> **Exercise**: Please restate word for word all lines from the one containing "KIA STONIC X-PLATINUM 100 DPI" to the final line of the entries, and include no pictures.

> **Scraped caption text data**:
== Segment start ==

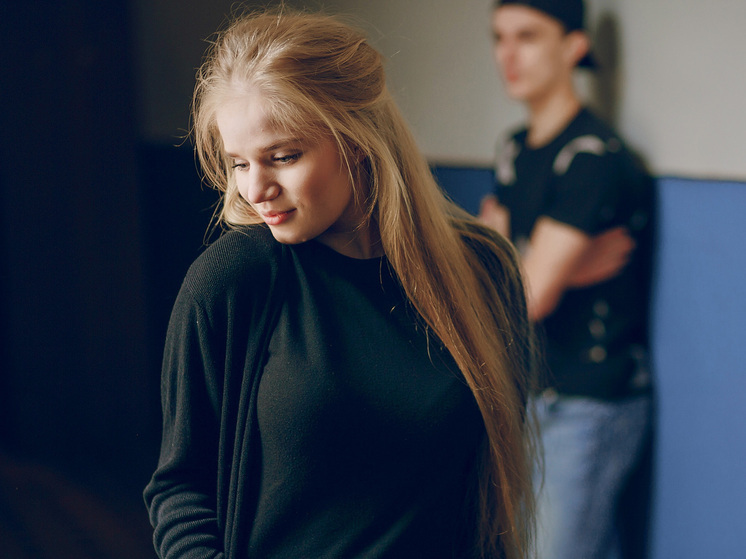 Адвокат Гуревич рассказал, что ждет извращенцев, пристающих к девушкам в метро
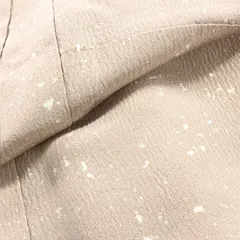 ［きものキレイ］小紋（単衣）ピンクベージュ　ロウたたき染　着丈160cm　裄丈65.5cm　絹　リユース　　K041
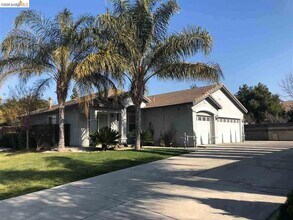 Building Photo - 1385 Brookdale Ct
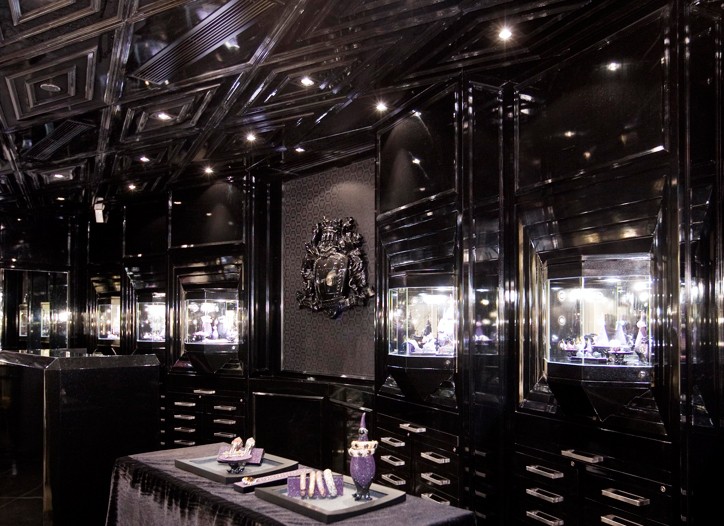 Jewelry Firm MCL Opens Hong Kong Boutique
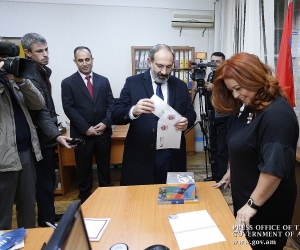 Pashinyan Donates $1,000 to Hayastan-All Armenian Fund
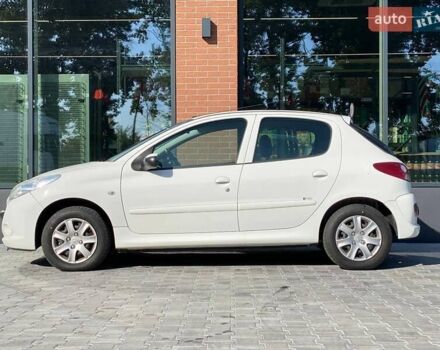 Білий Пежо 206, об'ємом двигуна 1.36 л та пробігом 206 тис. км за 4990 $, фото 5 на Automoto.ua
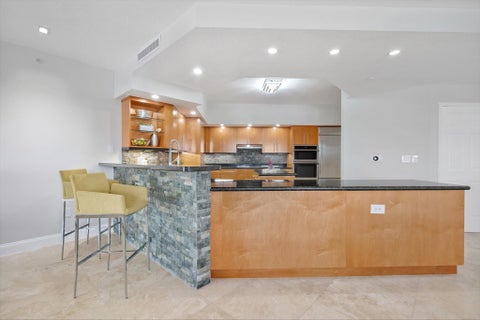 Tiny photo for 615 Bayshore Drive #603, Fort Lauderdale, FL 33304 (MLS # B26048997)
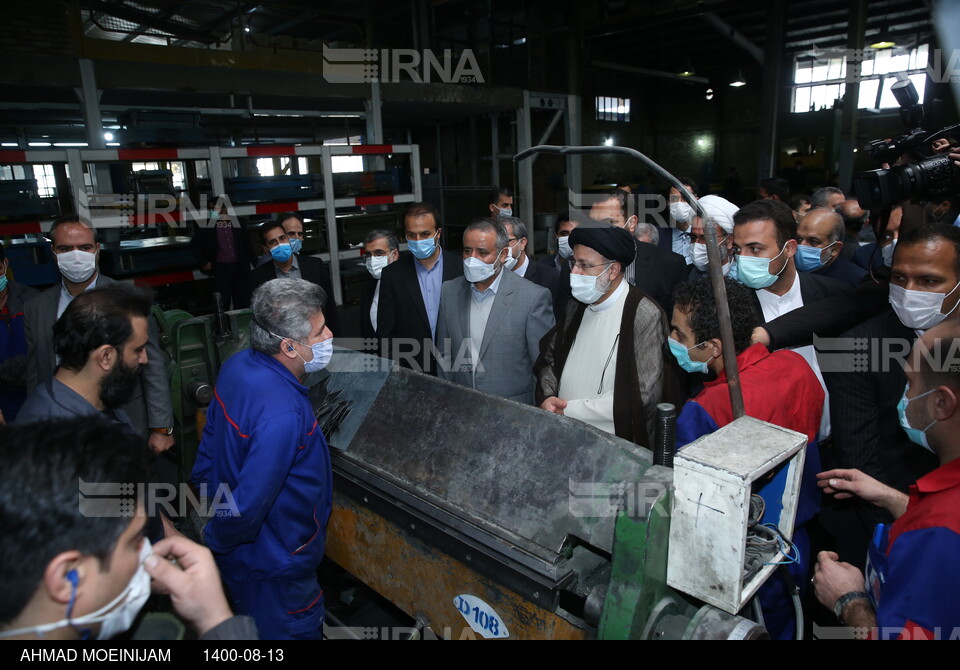 سفر رییس جمهوری به استان سمنان - بازدید از کارخانه تولید لوازم خانگی سنگرکار در مهدیشهر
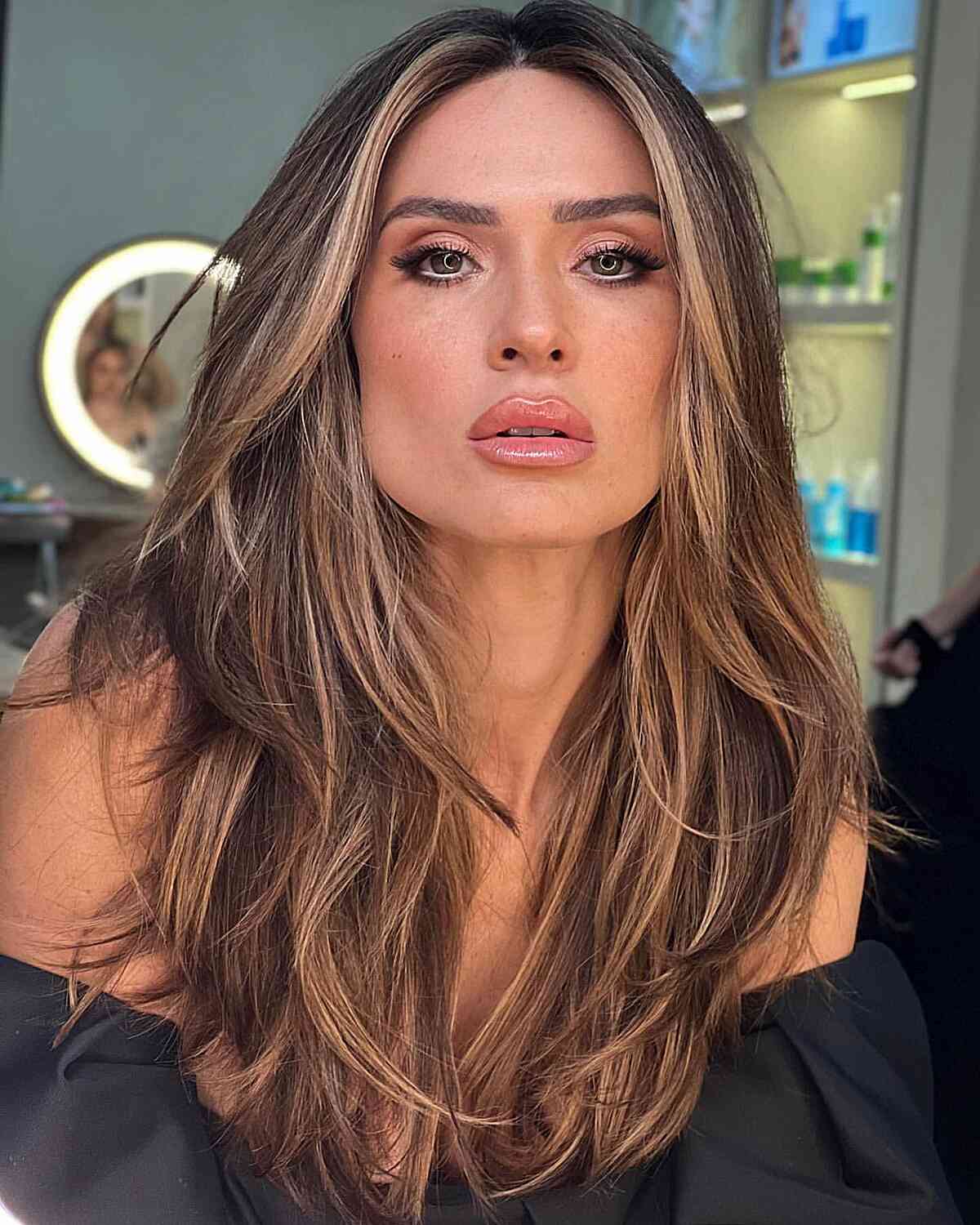 43 Prettiest Brown Hair With Blonde Highlights of 2025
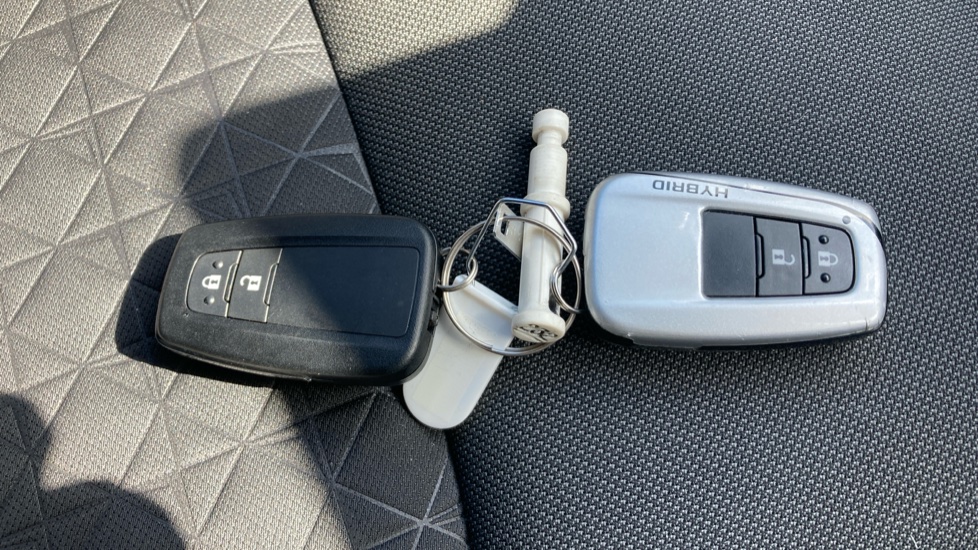 Toyota C-HR 1.8 Hybrid Design 5dr CVT Hybrid Hatchback - Image 28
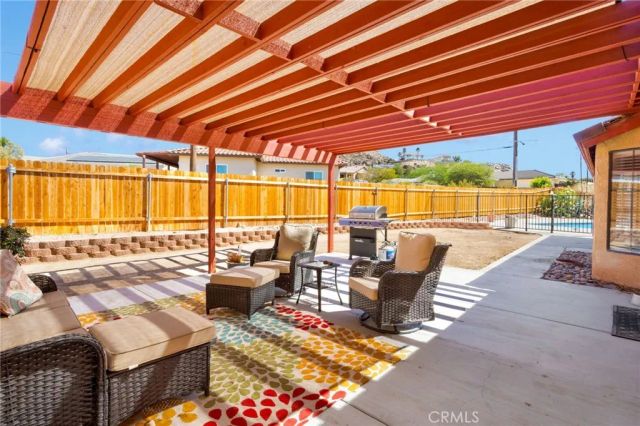 18830 Munsee, Apple Valley, CA 92307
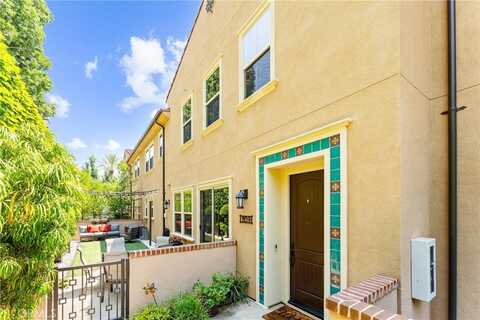 209 El Paseo, Lake Forest, CA 92610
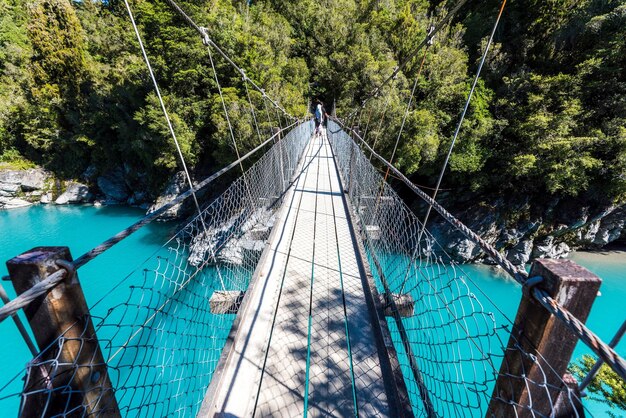 Ponte pedonale che attraversa la gola di Hokitika nel distretto di Westland, costa occidentale della Nuova Zelanda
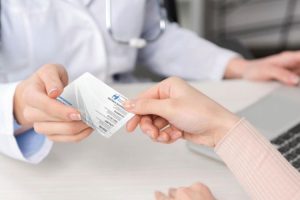 FZO RS: Poziv osiguranicima da preuzmu elektronske zdravstvene kartice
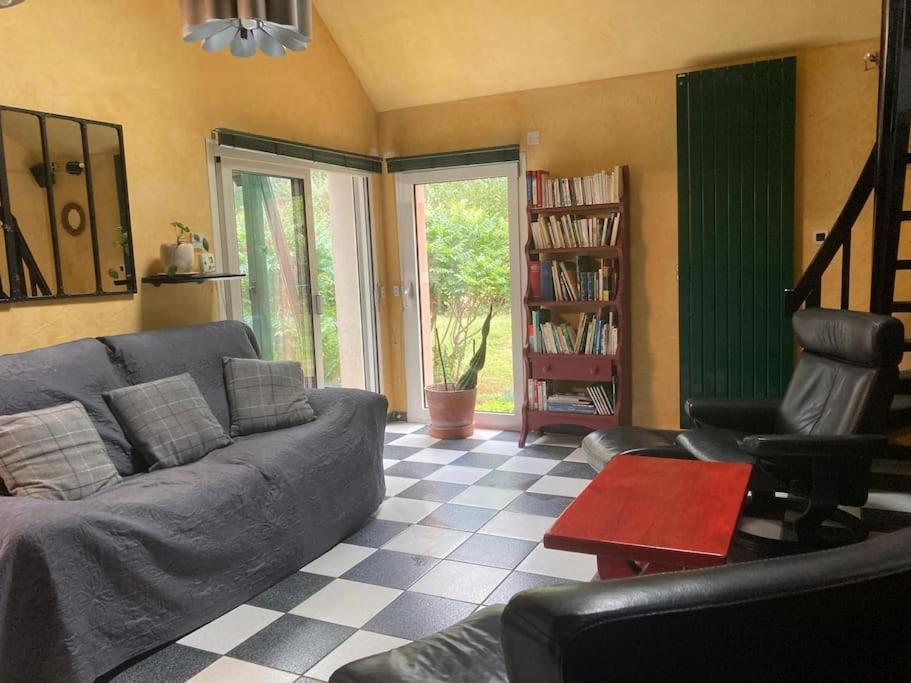 La Maison Rose - Avec Grand Jardin Clos A 300M De La Mer Hauteville-sur-Mer Ngoại thất bức ảnh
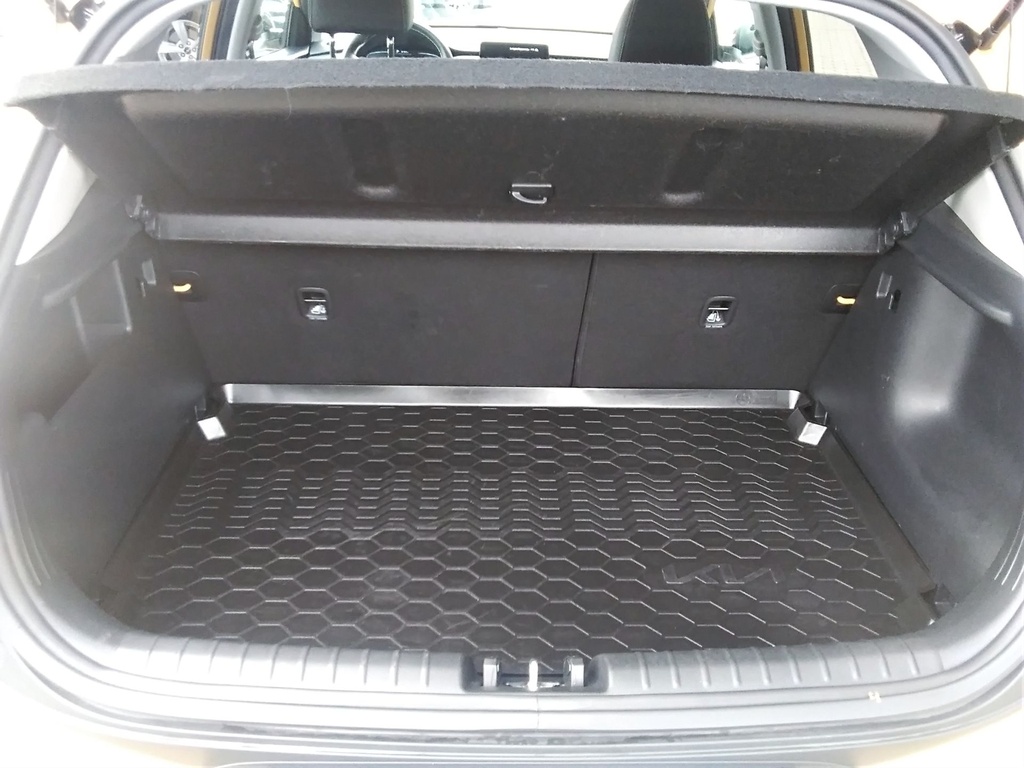 KIA STONIC X-PLATINUM 100 DPI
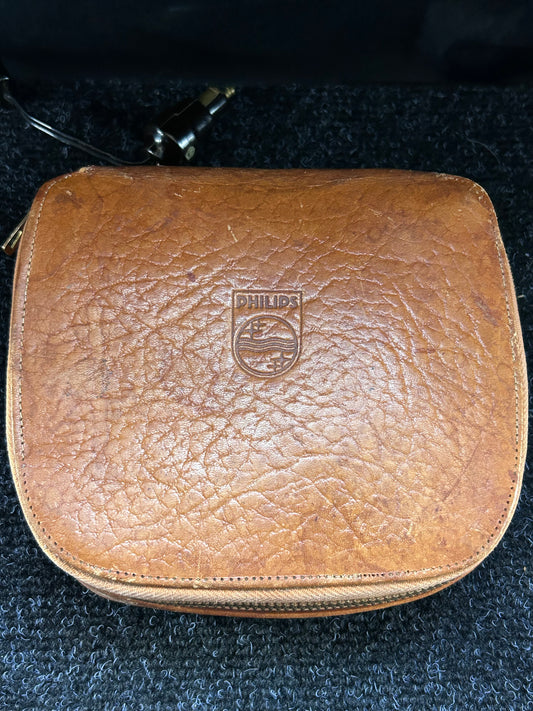 1950s Phillips Phillishave battery operated shaver.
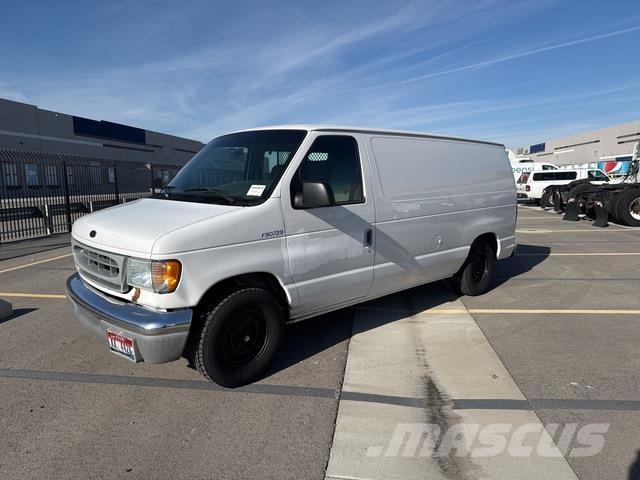 Ford E-150 Furgone chiuso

== Segment end ==

> **Output of the task**:
 KIA STONIC X-PLATINUM 100 DPI
 1950s Phillips Phillishave battery operated shaver.
 Ford E-150 Furgone chiuso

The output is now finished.